For this exercise, write out the full listing that follows exactly and skip its pictures.

▸ **SOURCE MATERIAL**
*** Block opens ***

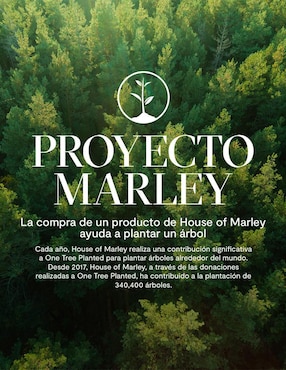 Bocina The House Of Marley EM-JA119-SB bluetooth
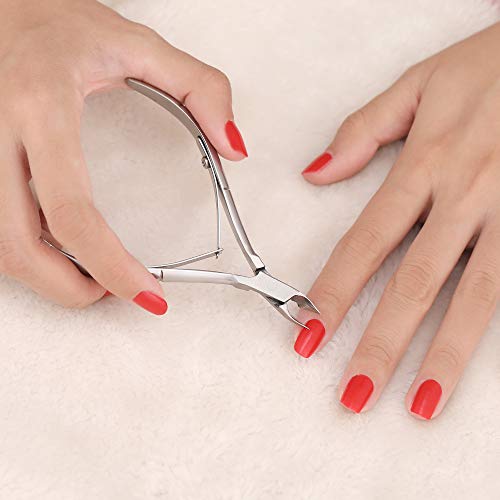 YINYIN Professional Cuticle Trimmer and Cutter Clips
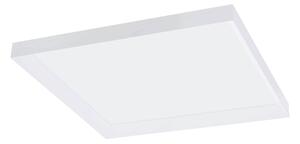 STROPNÉ LED SVIETIDLO, 60/60/4,5 cm Eglo - Online Only bytové doplnky, Online Only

*** Block closes ***

▸ **SOLUTION FOR THIS PROBLEM**
 Bocina The House Of Marley EM-JA119-SB bluetooth
 YINYIN Professional Cuticle Trimmer and Cutter Clips
 STROPNÉ LED SVIETIDLO, 60/60/4,5 cm Eglo - Online Only bytové doplnky, Online Only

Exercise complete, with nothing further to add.